Exclude all pictures, then write out exactly the lines below from the first one through the line with "Folha de coca".

* Captioned web images *
- - -

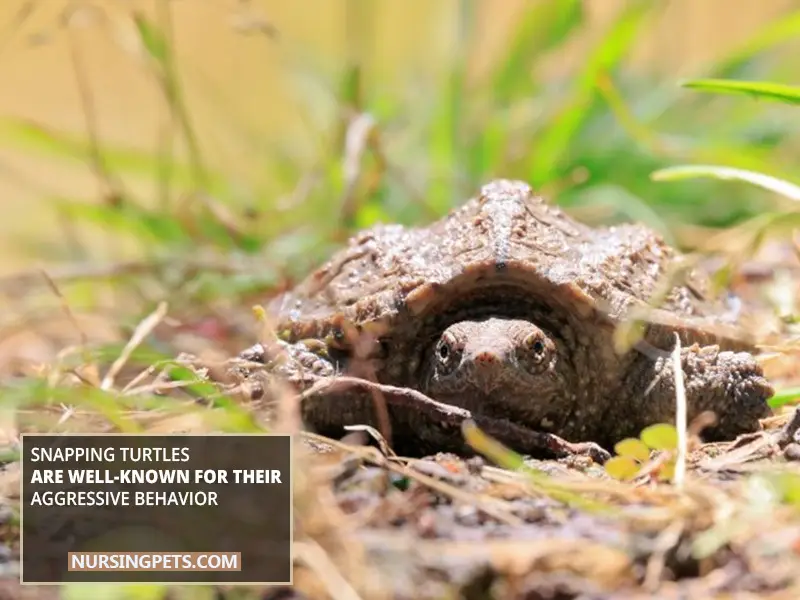 Snapping Turtles Are Well-Known For Their Aggressive Behavior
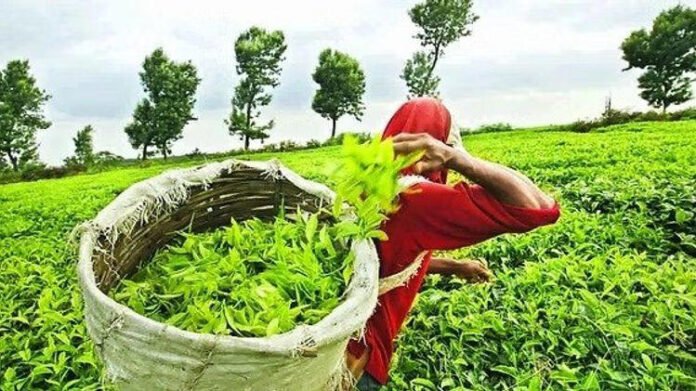 Assam targets Rs 450 tea worker wage, seeks stronger global tea push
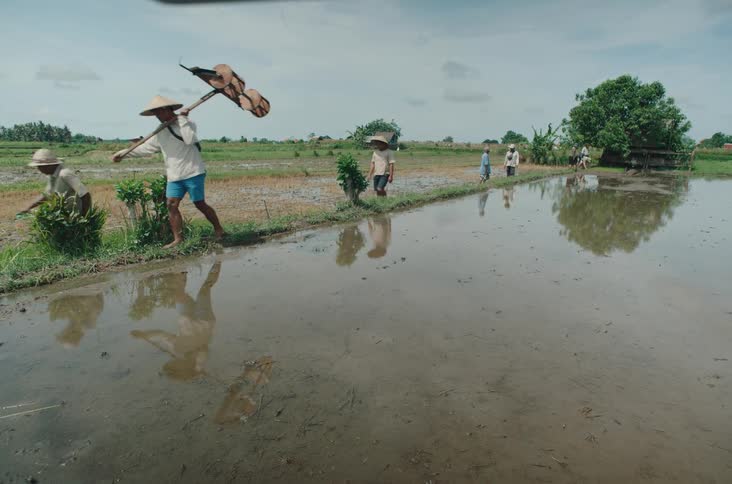 A group of farmers walks along the edge of a flooded rice field under a cloudy sky with one man carrying a plow over his shoulder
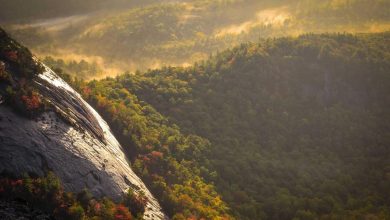 maithili-thakur-emotional-video-bjp-mla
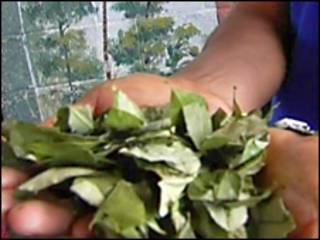 Folha de coca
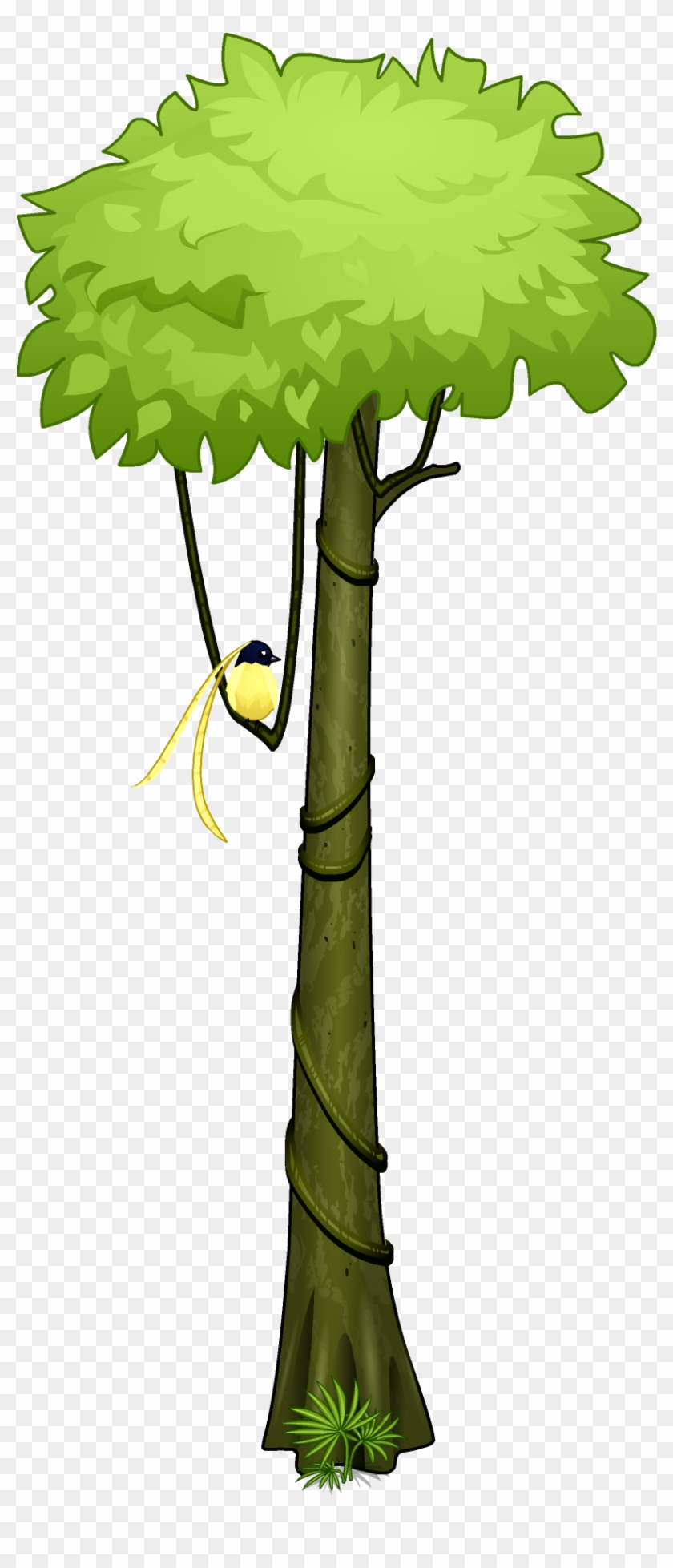 Amazon Rainforest Tropical Rainforest Tree Clip Art Tropical Rainforest Trees Cartoon Hd Png Download 1080x19 Pinpng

- - -

* Problem solution *
 Snapping Turtles Are Well-Known For Their Aggressive Behavior
 Assam targets Rs 450 tea worker wage, seeks stronger global tea push
 A group of farmers walks along the edge of a flooded rice field under a cloudy sky with one man carrying a plow over his shoulder
 maithili-thakur-emotional-video-bjp-mla
 Folha de coca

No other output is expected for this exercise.